* [ASSIGNED TASK]: Please retype the records below exactly as they appear, leaving out every picture.

§

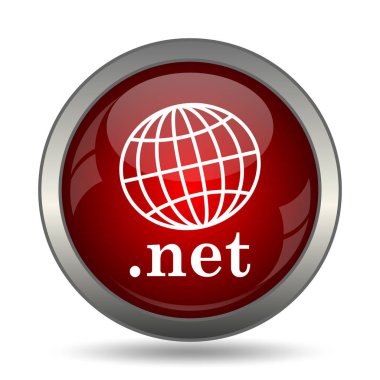 .NET simgesi. Beyaz arka plan üzerinde Internet düğmesi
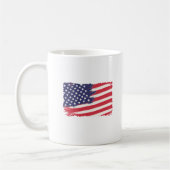 Amerikanische Flagge Kaffeetasse (Links)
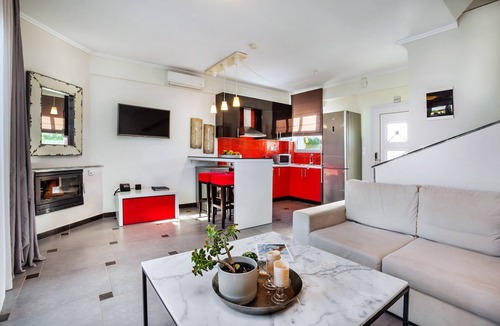 Pallini Villa | Luxury hillside escape with breathtaking Toroneos Bay views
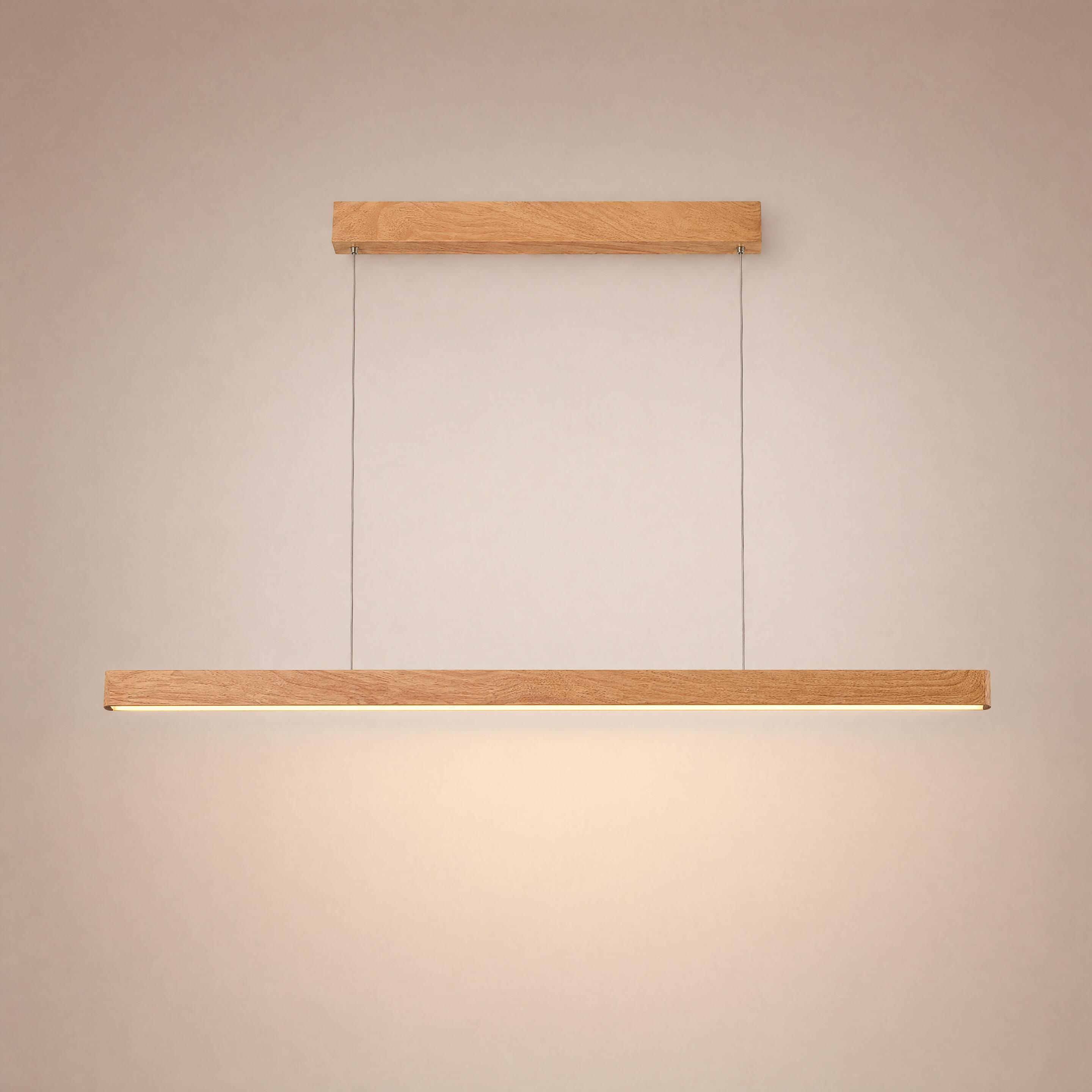 VK Light Orra LED висяща линейна дървена лампа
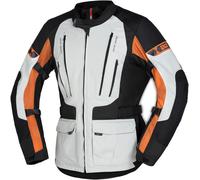 IXS Lennik-ST, chaqueta textil impermeable XXL male Negro/Gris Claro/Naranja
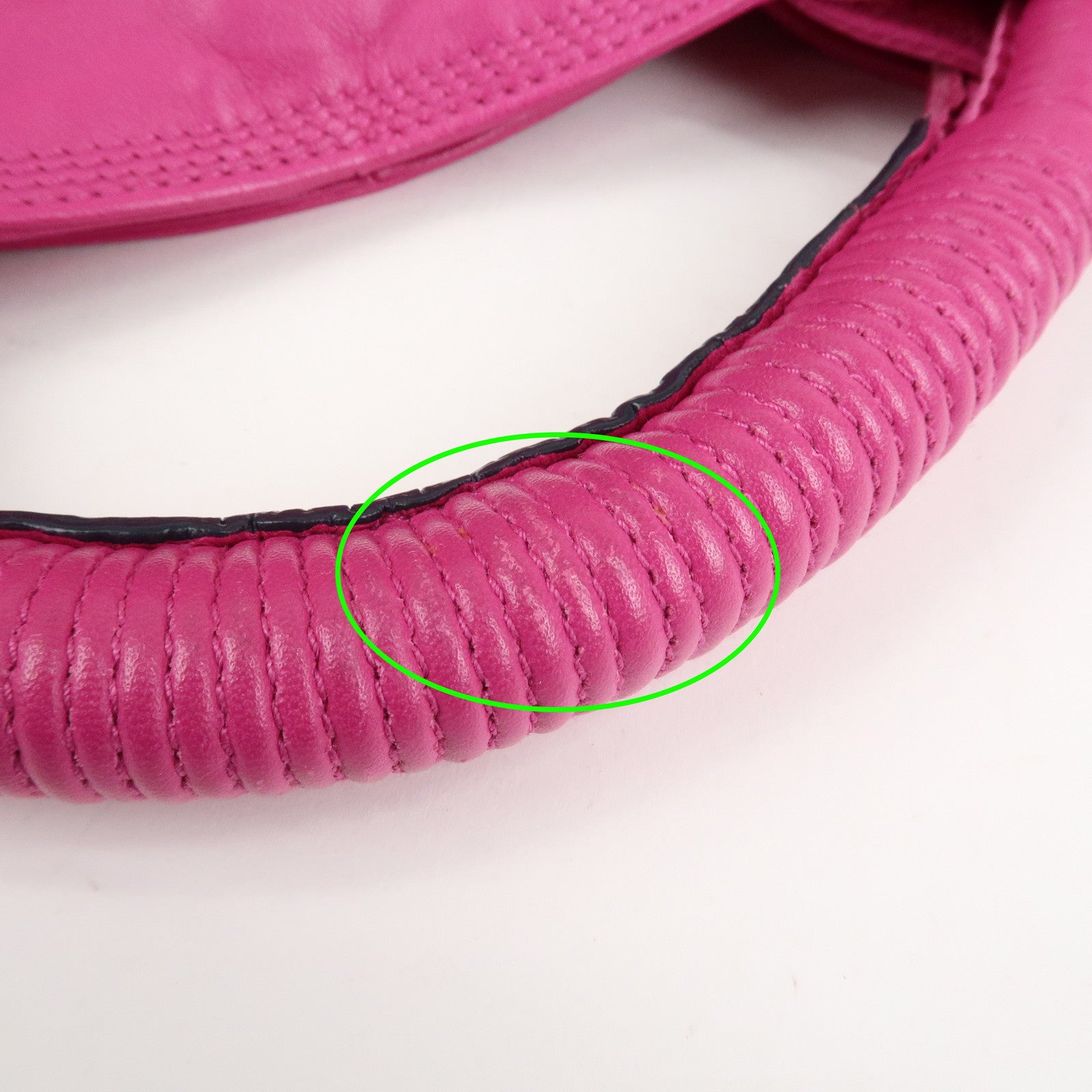 LOEWE Anagram Nappa Aire Leather Hand Bag Tote Bag Fuchsia Pink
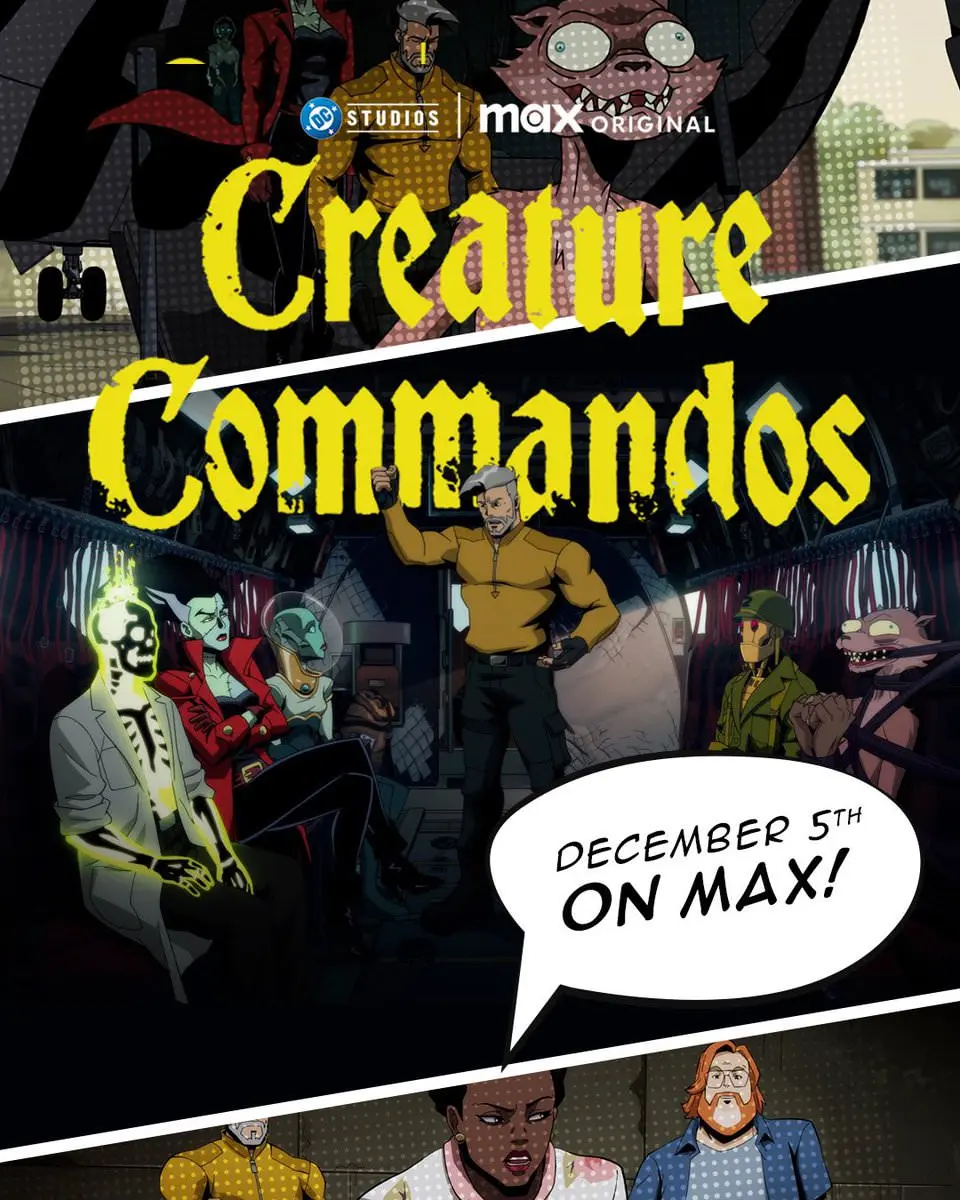  پوستر انیمیشن Creature Commandos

§

* [SOLUTION TO THE EXERCISE]:
 .NET simgesi. Beyaz arka plan üzerinde Internet düğmesi
 Amerikanische Flagge Kaffeetasse (Links)
 Pallini Villa | Luxury hillside escape with breathtaking Toroneos Bay views
 VK Light Orra LED висяща линейна дървена лампа
 IXS Lennik-ST, chaqueta textil impermeable XXL male Negro/Gris Claro/Naranja
 LOEWE Anagram Nappa Aire Leather Hand Bag Tote Bag Fuchsia Pink
  پوستر انیمیشن Creature Commandos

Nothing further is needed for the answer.